His analysis, based on a periodic survey that tracks economic and social characteristics of 17,000 people over time, also found households most affected by the shutdown were poorer, less healthy, less skilled and more likely to be single parents or singles living alone.
“In short, those most severely impacted by the economic shutdown are also those least able to cope with it,” he said.
The analysis showed 28 per cent of the workforce, or about 3.5 million workers, were in sectors directly or secondarily affected by lockdowns, which included a disproportionate share of younger people and women, but these groups were not more likely to live in households where the breadwinner worked in one of these affected sectors.
“There’s been a lot of publicity about women being more adversely impacted but when you look at who’s in vulnerable households, it’s not really gendered in its ultimate effects on economic wellbeing,” Mr Wilkins said.
On Friday, the government admitted that three million fewer workers were eligible for JobKeeper, saving the government an estimated $60bn over the course of the six-month wage-subsidy scheme.
“I was completely mystified as to how they came up with that: more than 60 per cent of private sector workers,” he said.
“If you look at big employers for a start, you’ll find very few would have had the 50 per cent cut in revenue to qualify for the JobKeeper.”
While some Liberal backbenchers have questioned the generosity of the scheme, the government has come under pressure from welfare groups to reallocate the $60bn budget saving to include more casual workers.
Mr Wilkins’s analysis revealed the one million workers in industries directly affected by the shutdown, whose employers would be eligible for the JobKeeper payment of $750 a week per worker, had mean incomes of $654 a week.
“Despite the relatively low likelihood of workers in adversely affected industries being primary earners in their households, the number of people of working age in vulnerable households is, at 2.9 million, still very large,” he said.
People in those households were far more likely to be young, renting, in poverty and financial stress than other households.

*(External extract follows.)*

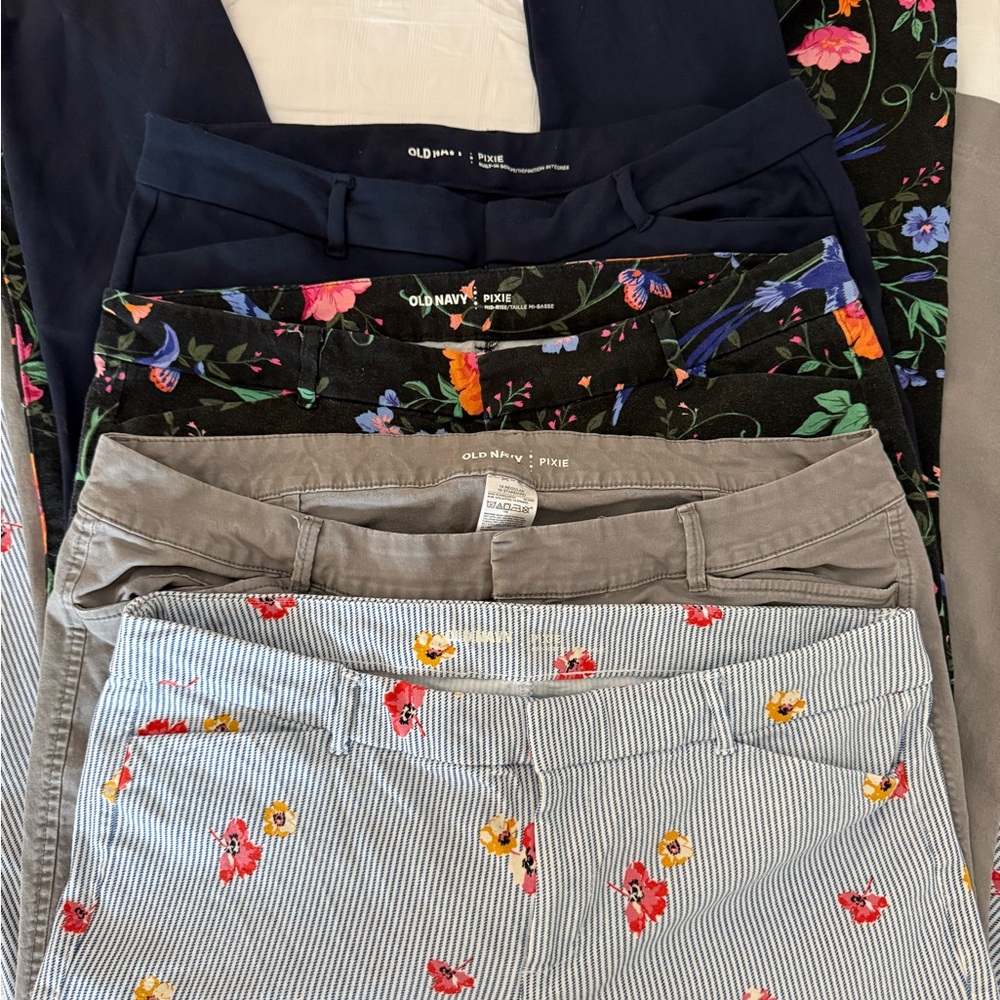 Old Navy Set Of 4 Pixie Pants, Used. Size 16 - Picture 2 of 4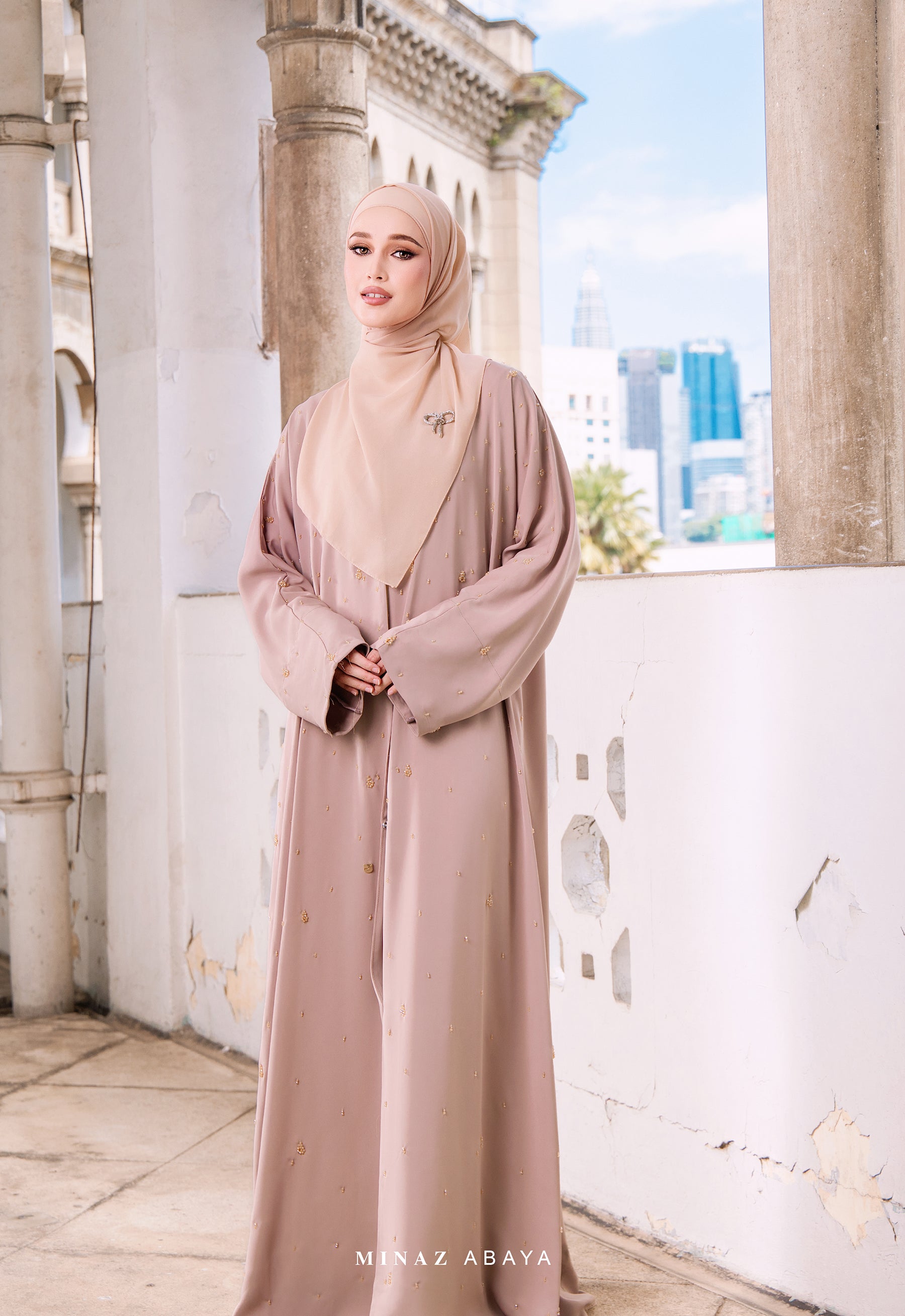 AMNA ABAYA - CHAMPAGNE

They also tended to live in urban Queensland outside of Brisbane, urban Tasmania and urban NSW outside of Sydney, with relatively fewer in Perth, the ACT or the NT.
On April 16, two weeks after JobKeeper was announced, Mr Wilkins publicly questioned the government’s estimate that 6.5 million would receive JobKeeper, costing the government $130bn over six months. “As embarrassing as this is, they would have been much more worried about underestimating by $60bn than overestimating,” he said.